Additional Background on the Ruling
The Supreme Court specifically addressed the issue and ruled on whether nationwide, or “universal” injunctions were legal, and it concluded that they likely exceed the authority that Congress has granted the federal courts. The alternative route, class action lawsuits, would most likely be the path to pursue to obtain relief from government action.
Historically, the U.S. government and courts have interpreted Section 1 of the 14th Amendment (the “Citizenship Clause”) to state that any individual born in the United States is a U.S. citizen at birth, regardless of either parent’s immigration status. Exceptions to this rule would include children born with parents who might be diplomats or children born to alien enemies in the country. The Executive Order, if it becomes effective and issued by the President, would deny automatic U.S. citizenship to children born in the United States after February 19, 2025.
If no other judicial orders are forthcoming, the EO would be effective regarding non-parties in lawsuits as of 30 days from the date of the June 28, 2025 court order. To date, the states challenging the EO are Arizona, California, Colorado, Connecticut, Delaware, Hawaii, Illinois, Maine, Maryland, Massachusetts, Michigan, Minnesota, Nevada, New Jersey, New Mexico, New York, North Carolina, Oregon, Rhode Island, Vermont, Washington, and Wisconsin. The District of Columbia and the city of San Francisco are also parties to the lawsuit.

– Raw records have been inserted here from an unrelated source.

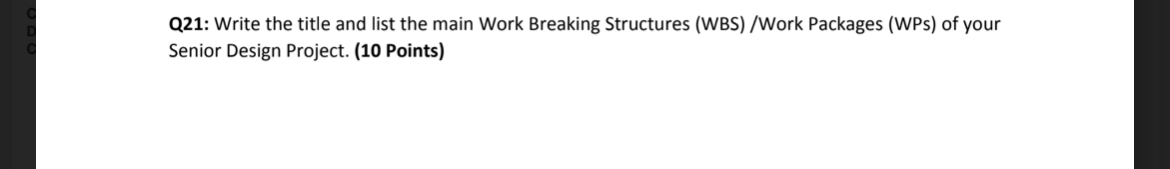 Q 2 1 : Write the title and list the main Work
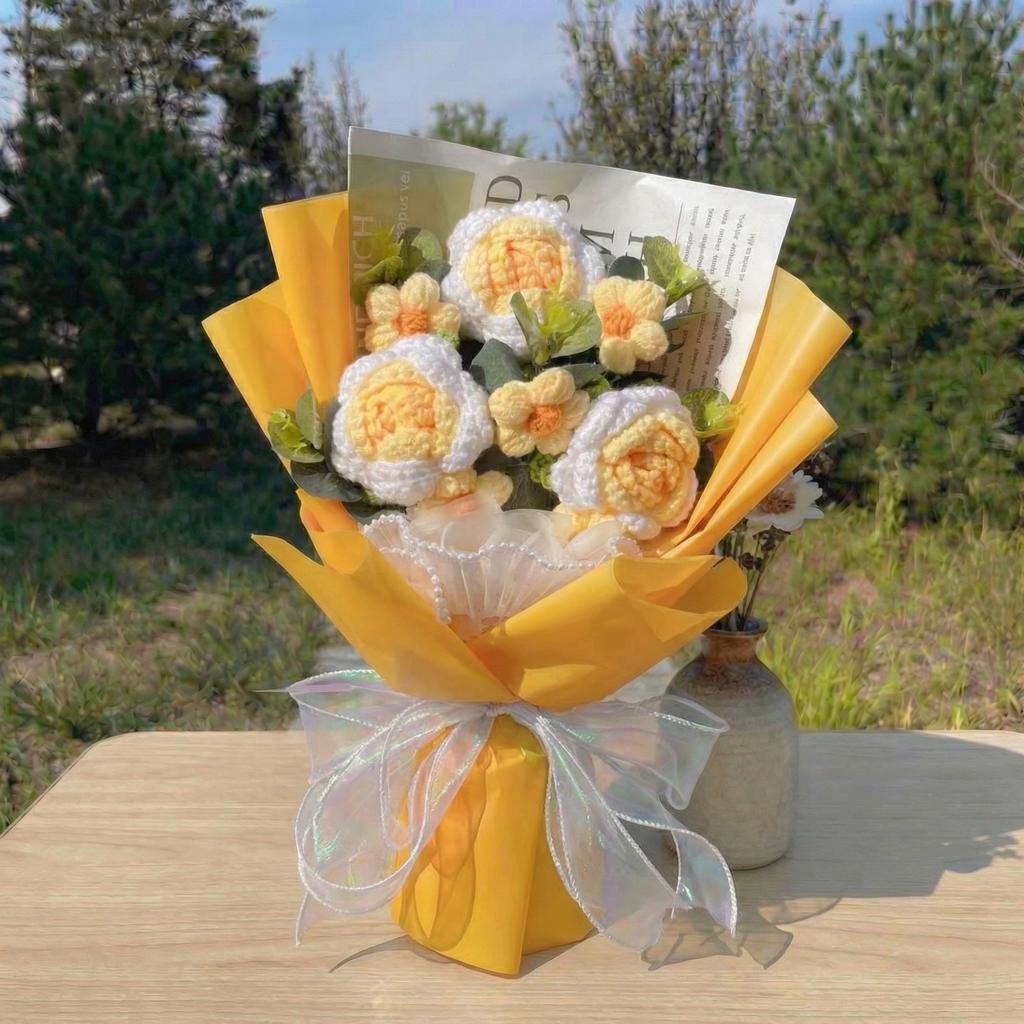 Pastel Crochet Rose Bouquet - image 8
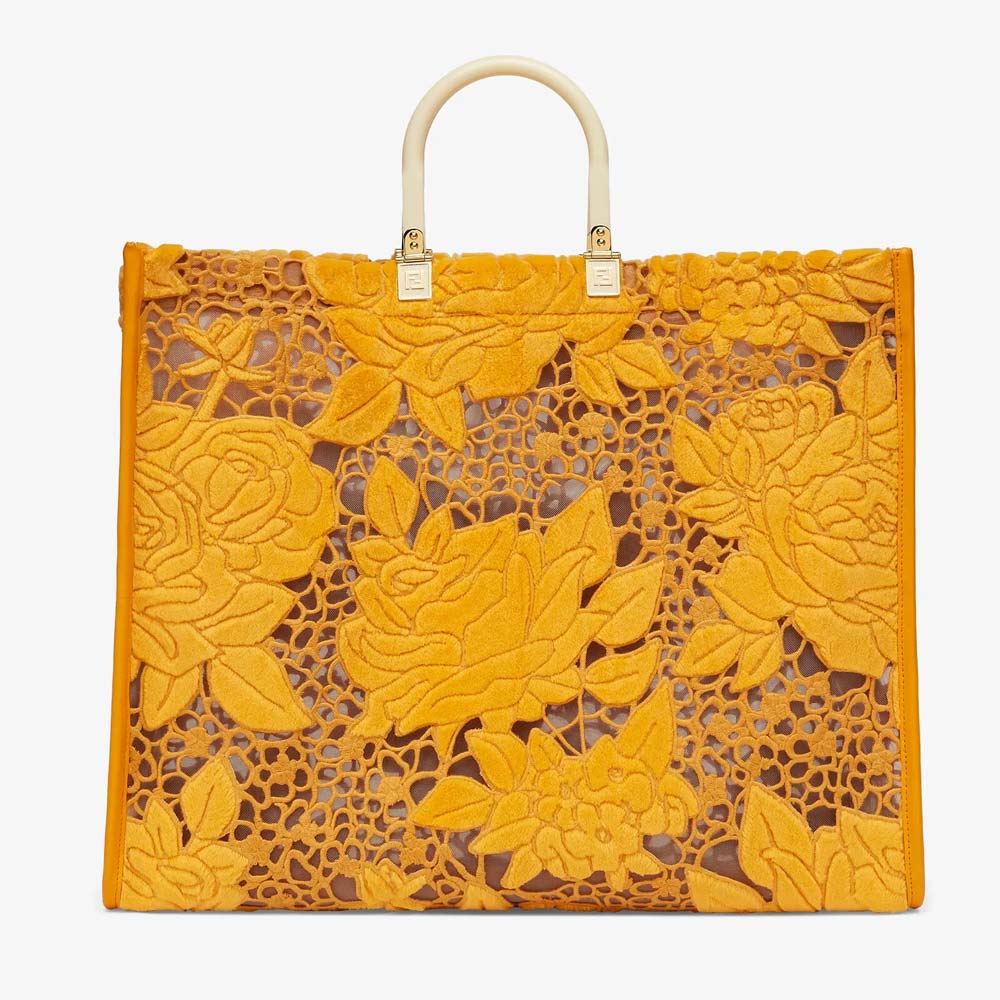 SUNSHINE SHOPPER Orange Embroidered Mink Shopper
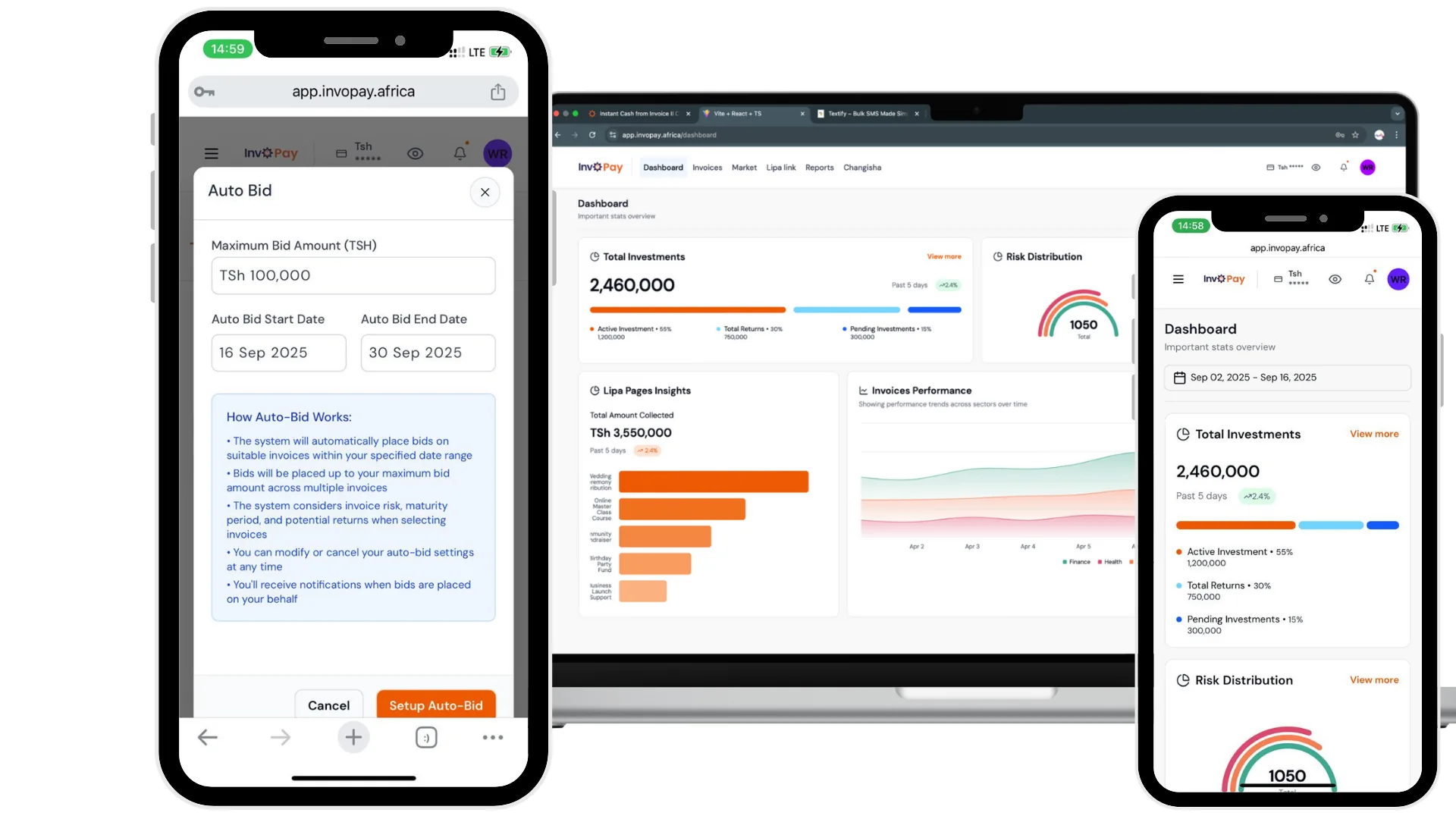 InvoPay dashboard showing invoices available for investment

Significantly, the Supreme court did not rule on whether the President’s Executive Order regarding birthright citizenship was legal or not or in conformance with historical precedent, which had seemed well-settled law. Expected legal actions going forward are announcements from the U.S. governmental agencies that issue citizenship documents, further litigation and many class action suits as individuals and states line up to sue for their rights in federal courts.